┌──

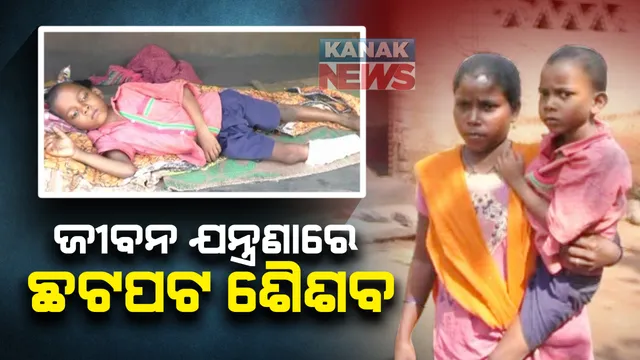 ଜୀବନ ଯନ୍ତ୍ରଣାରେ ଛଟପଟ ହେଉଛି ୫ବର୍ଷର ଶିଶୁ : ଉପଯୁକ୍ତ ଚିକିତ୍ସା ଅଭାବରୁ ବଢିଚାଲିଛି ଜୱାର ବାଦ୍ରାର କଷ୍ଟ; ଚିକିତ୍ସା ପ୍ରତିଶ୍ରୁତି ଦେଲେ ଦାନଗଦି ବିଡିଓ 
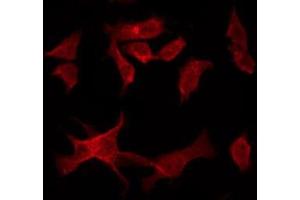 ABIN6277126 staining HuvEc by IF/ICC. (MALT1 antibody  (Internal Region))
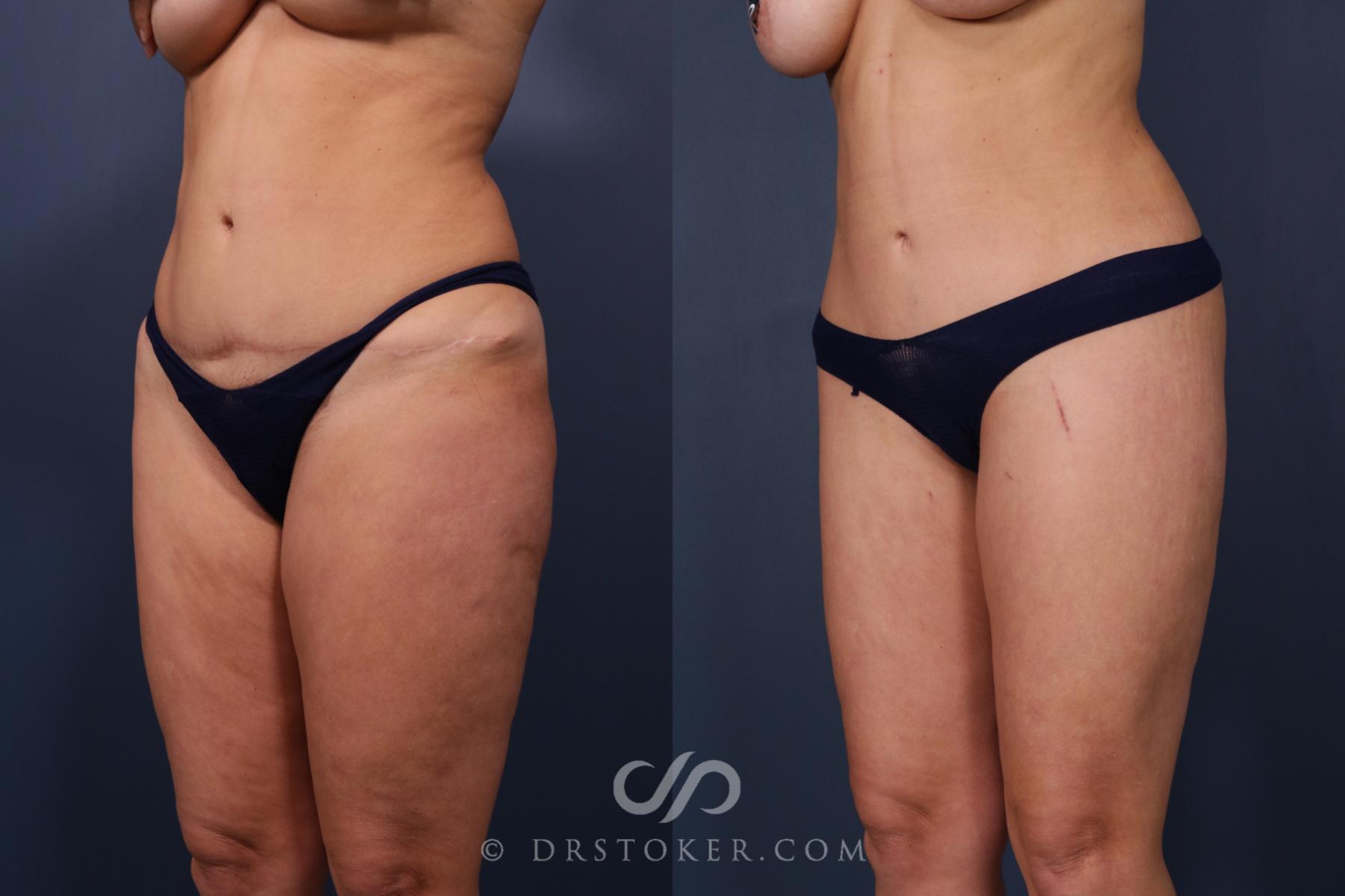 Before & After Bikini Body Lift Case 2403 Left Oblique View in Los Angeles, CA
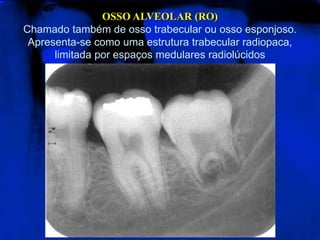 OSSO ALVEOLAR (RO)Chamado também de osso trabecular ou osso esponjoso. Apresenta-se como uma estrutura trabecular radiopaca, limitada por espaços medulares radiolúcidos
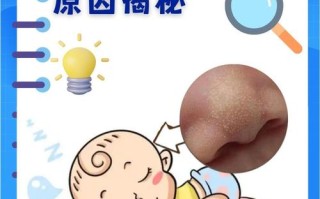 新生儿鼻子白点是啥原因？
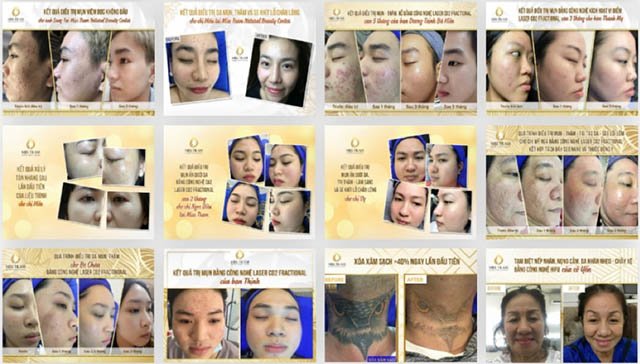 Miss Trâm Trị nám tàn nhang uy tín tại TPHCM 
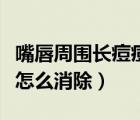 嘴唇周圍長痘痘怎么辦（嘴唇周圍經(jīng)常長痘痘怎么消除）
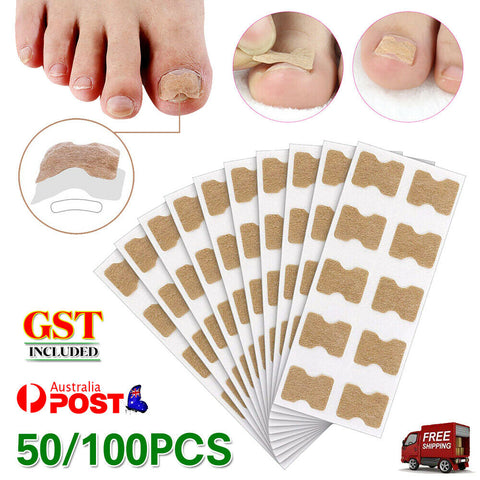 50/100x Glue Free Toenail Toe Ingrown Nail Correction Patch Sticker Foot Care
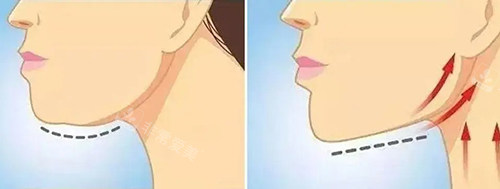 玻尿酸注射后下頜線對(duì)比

└──

Beginning with the line where "OSSO ALVEOLAR (RO)Chamado" appears, reproduce every remaining line of the listing above, the last one included, but none of the pictures.

### Exercise solution
 OSSO ALVEOLAR (RO)Chamado também de osso trabecular ou osso esponjoso. Apresenta-se como uma estrutura trabecular radiopaca, limitada por espaços medulares radiolúcidos
 新生儿鼻子白点是啥原因？
 Miss Trâm Trị nám tàn nhang uy tín tại TPHCM 
 嘴唇周圍長痘痘怎么辦（嘴唇周圍經(jīng)常長痘痘怎么消除）
 50/100x Glue Free Toenail Toe Ingrown Nail Correction Patch Sticker Foot Care
 玻尿酸注射后下頜線對(duì)比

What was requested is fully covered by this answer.